//
🏃‍♂️
NTU Outdoor Dataset (Partially Released)
Search
Try Notion
🏃‍♂️🏃‍♂️
NTU Outdoor Dataset (Partially Released)
The existing public datasets have a very limited number of cameras ranging from 6 to 15. The small camera number reduces the variation and diversity of a person under different backgrounds, illumination or camera colour profiles. Overall, it lowers the difficulty of searching and matching person across different cameras. As a result, the recently proposed Person ReID algorithms can achieve more than 90% rank-1 accuracy in both Market1501 and DukeMTC-reID. However, a real-world surveillance system usually consists of over hundreds of cameras. Creating a more realistic dataset is the foundation for developing a more generalized and more robust Person ReID model for real-world applications.
NTU-Outdoor Dataset Collection
The new NTU-Outdoor dataset was collected within the NTU campus by using actual surveillance cameras installed on lamp posts. There are a total of 34 camera groups, with each camera group containing two to four cameras pointing in different directions. The location of all camera groups in NTU can be found in Figure 1.

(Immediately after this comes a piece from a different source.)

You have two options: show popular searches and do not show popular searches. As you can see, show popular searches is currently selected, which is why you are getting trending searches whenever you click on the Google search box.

Figure 1. Camera Group Locations
Based on all 34 camera groups, we have designed 8 paths to let participants walk past the cameras, as shown in Figure 2. The 8 designed paths contain 51 cameras from 23 camera groups. A total of 332 NTU students, staff and residents have participated in this NTU-Outdoor dataset collection.

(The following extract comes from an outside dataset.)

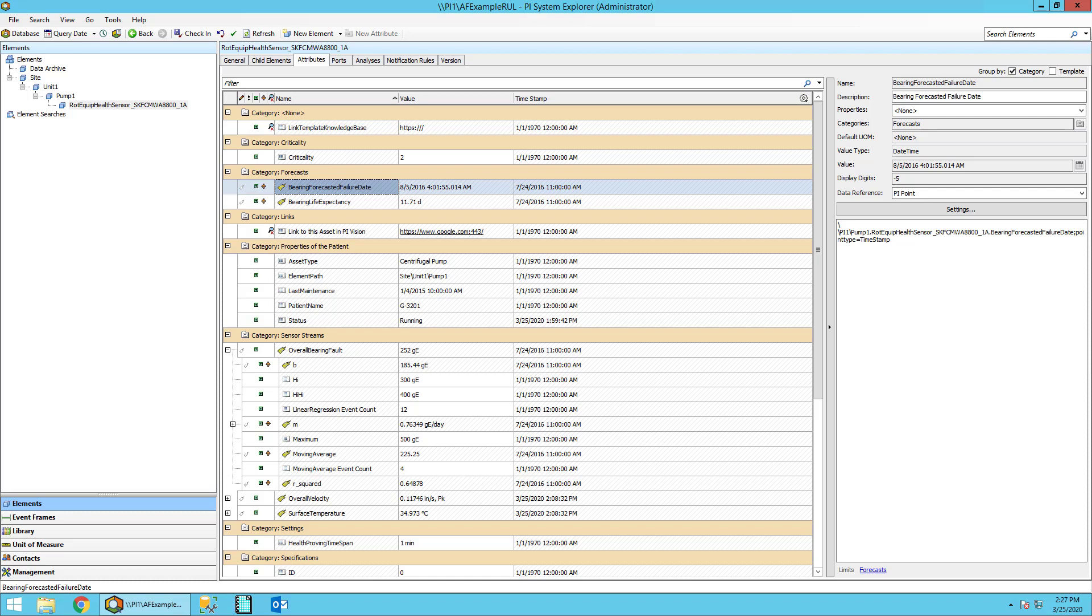So now that we understand the attributes, let's go see the analyses and how these are calculated to give us these attributes.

Figure 2. Eight Paths for Data Collection
Annotating a Person ReID dataset is a tedious, label-intensive and time-consuming job. In order to increase annotation efficiency and reduce the data annotation effort, we have developed a mobile web app for this NTU-Outdoor dataset collection. By running our web app in the smart-phone, the GPS information of the participant and timestamps of the participant passing each camera can be automatically recorded in the web app. It significantly reduced the searching time window for our annotators. The design of our web app is demonstrated in Figure 3 below.
Figure 3. NTU Outdoor Data Collection Web App Design
After phase 1 annotation, 26,175 three-minutes long videos clips have been extracted from the raw surveillance videos. From those video clips, a total of 45,397 bounding box images of pedestrians have been successfully annotated with 40 additional attributes labels. These images are collected from 278 different people (unique identities) with 805 different appearances on multiple-days over an 8 week period.

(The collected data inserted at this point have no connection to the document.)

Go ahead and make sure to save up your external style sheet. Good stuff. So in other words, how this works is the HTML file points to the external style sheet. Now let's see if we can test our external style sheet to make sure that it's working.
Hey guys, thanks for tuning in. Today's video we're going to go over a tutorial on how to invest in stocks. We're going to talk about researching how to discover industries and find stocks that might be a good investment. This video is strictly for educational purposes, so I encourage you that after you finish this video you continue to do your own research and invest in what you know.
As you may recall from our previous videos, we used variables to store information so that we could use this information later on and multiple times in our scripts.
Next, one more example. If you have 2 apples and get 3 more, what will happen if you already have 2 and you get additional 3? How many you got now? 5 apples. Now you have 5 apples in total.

Limitations of Existing Public Datasets
1. Limited Number of Cameras
Much attention has been paid in recent years to the problem of person-based re-identification (Person Re-ID). Existing Person Re-ID algorithms are typically trained and evaluated on four large-scale public datasets: Market1501, DukeMTMC-reID, and MSMT17. All these datasets are obtained from a very limited number of cameras ranging from 6 to 15, as shown in Table 1 below. However, real-world surveillance systems usually consist of hundreds of cameras resulting in the images obtained are much more dynamic in nature. Our NTU-Outdoor campus dataset consists of a total of 51 different cameras covering the entire 2 km2 NTU campus area which gives the most dynamic changes in the image background.
Dataset
Market-1501
DukeMTMC-reID
MSMT17
NTU Outdoor
Camera
6
8
15
51
Table 1: Number of Cameras for Recent Person ReID Datasets
2. Actual Surveillance Viewing Angles
Dataset Market1501 and MSMT17 are using non-surveillance cameras mounted on tripods for video recording which result in a near-horizontal point of view of all captured persons, as shown in Figure 3 (a). However, in actual surveillance systems, cameras used are usually using the wide-angle lens and mounted on the lamp-posts or ceiling which give unique top-down wide-angle viewing of all passing pedestrians shown in Figure 4 (b). In the NTU-Outdoor dataset, all the images are captured from actual surveillance cameras mounted on lamp-posts around the NTU campus.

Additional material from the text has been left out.